Finance Minister P Chidambaram is busy devising new ways to use public sector undertakings' (PSU's) balance sheets to shore up public finances and improve India's macroeconomic ratio. The move has triggered a massive sell-off in PSU stocks.
In the last two months, listed government-owned companies lost nearly a quarter of their combined market value worth $58 billion (Rs 3.48 lakh crore).
About 98 per cent of the fall is accounted for by central government-owned and promoted enterprises, such as oil and gas majors, banks and metal and mining companies. The rest is accounted for by various state government firms.
In contrast, the broader market was fairly stable during the period. The Sensex is down just 3 per cent since end-May. The 50-stock Nifty is down 5 per cent.
The recent weakness in the broader market is largely due to PSU stocks.
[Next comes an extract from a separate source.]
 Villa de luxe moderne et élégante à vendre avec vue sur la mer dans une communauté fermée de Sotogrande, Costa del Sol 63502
They account for as much as 90 per cent of the entire fall in the market capitalisation of all listed companies since the beginning of July.
The public exchequer or the government has been the biggest loser. The value of government stake in central PSUs is down Rs 2.5 lakh crore (Rs 2.5 trillion), or $42 billion, to Rs 8.5 lakh crore (Rs 8.5 trillion) at the end of trading on Friday.
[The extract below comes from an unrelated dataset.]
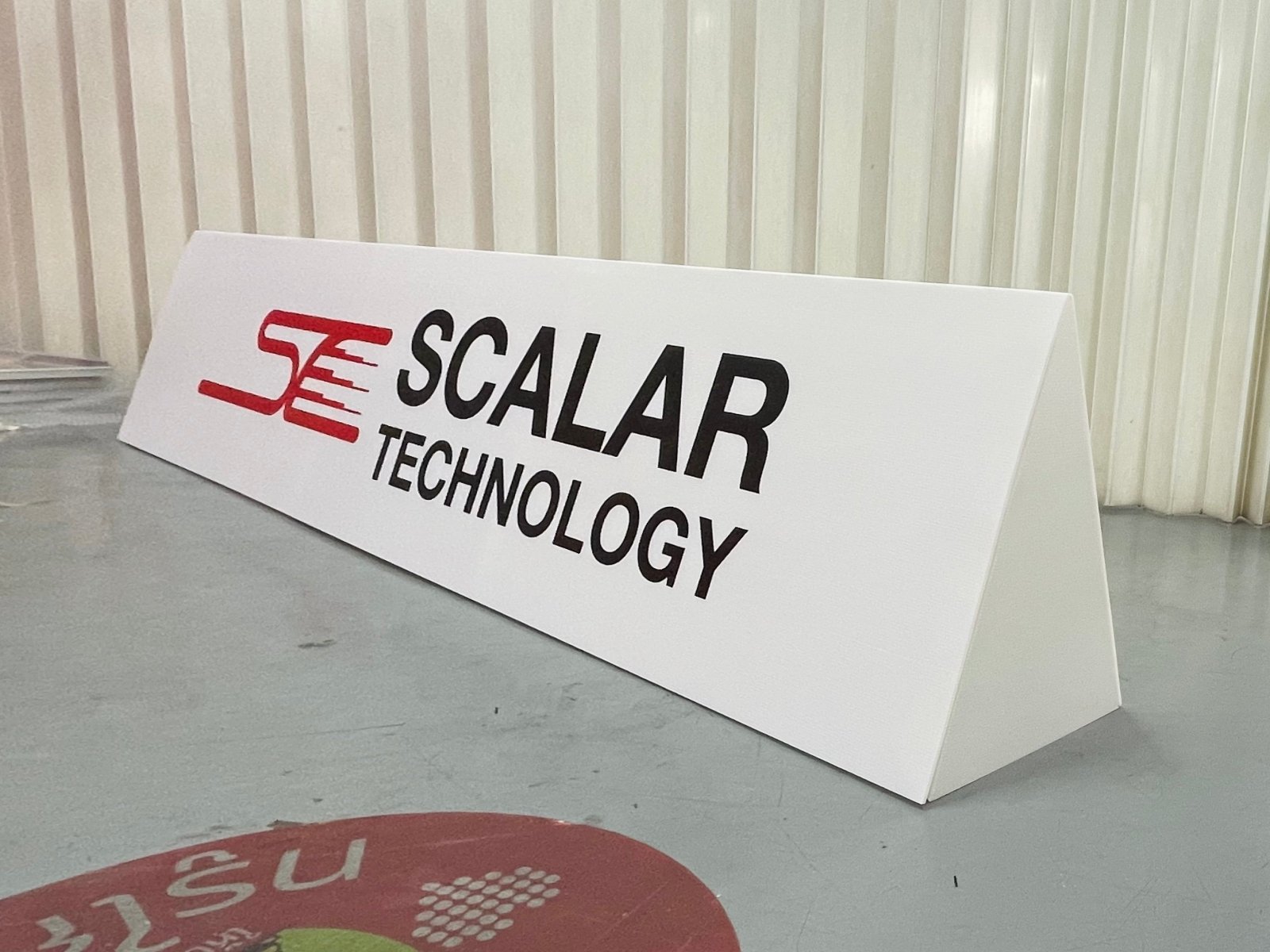 ป้ายสปอนเซอร์ พร้อมโลโก้ Li-Ning และ Yonex พิมพ์คมชัด เหมาะสำหรับงานกีฬา อีเวนต์ การแข่งขัน และโปรโมชันแบรนด์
This has severely impaired finance ministry's ability to raise resources by diluting government stakes in PSUs through follow-on public offers (FPOs). At the end of June, the government on an average owned 72.3 per cent stake in 73 listed central PSUs.
Analysts blame the government divestment programme and its compulsion to raise resources at any cost to meet its fiscal deficit target.
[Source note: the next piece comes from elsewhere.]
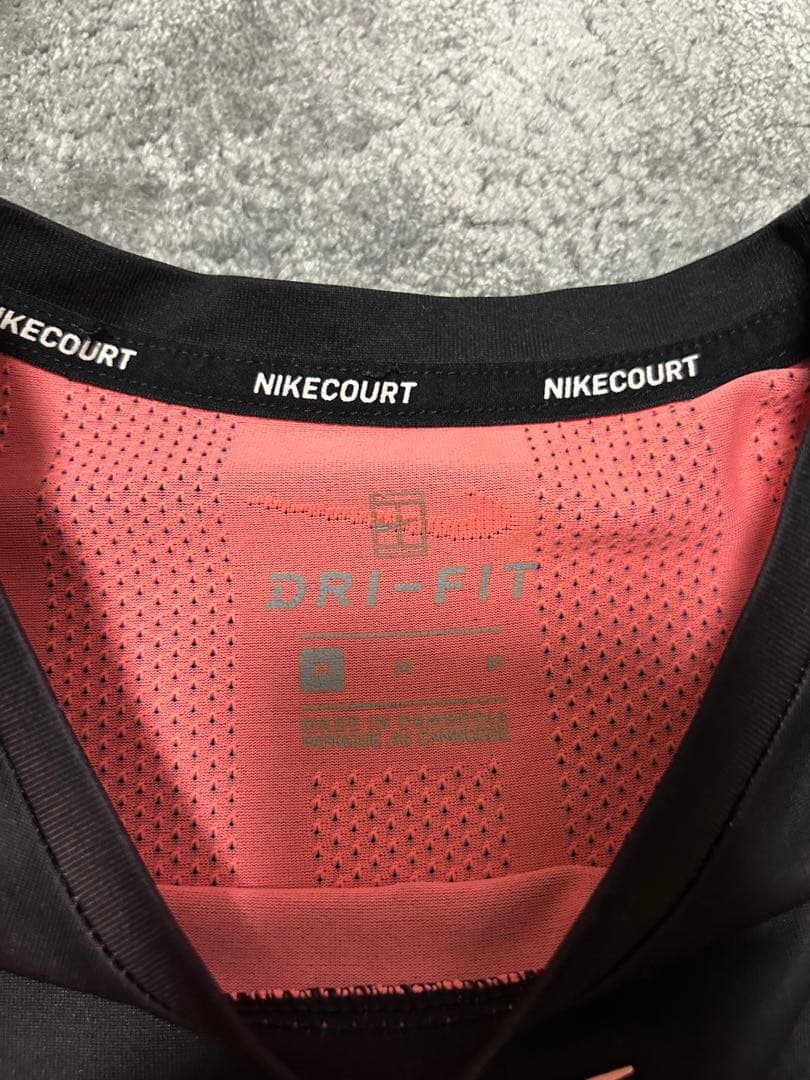 NIKE テニスウェア　AO2018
"The PSU disinvestment programme will increase the supply of shares at a time when there is little appetite for new issues among domestic or foreign investors. Besides, there is fear that the government might milk healthy and cash-rich public sector undertakings to plug holes in public finance, leading to an exodus of investors from PSUs," says the head of research at a leading brokerage here on the condition of anonymity.
Investors' worry was clearly visible in a sudden 15 per cent decline in the Power Grid Corporation share price on Friday, when the company's board approved stake sale through an FPO.
Indian Oil Corporation has lost a third of its market value on the government plans for stake sale. Also hit are financially strong and cash-rich companies such as Coal India (-22 per cent), ONGC (-15 per cent) Engineers India (-17 per cent), Container Corp (-10 per cent), NBCC (-23 per cent), BHEL (-25 per cent), Rashtriya Chemicals & Fertilizers (-30 per cent).
Market experts say that for investors, the equation of PSU stocks is simple. "As you will get shares at a price lower than the current market price through FPOs, why buy in the secondary market?" says a market analyst at a leading brokerage house in Mumbai.
This belief has been reinforced by recent follow-on public offers such as MMTC and National Fertilizers, done at a large discount to the market price.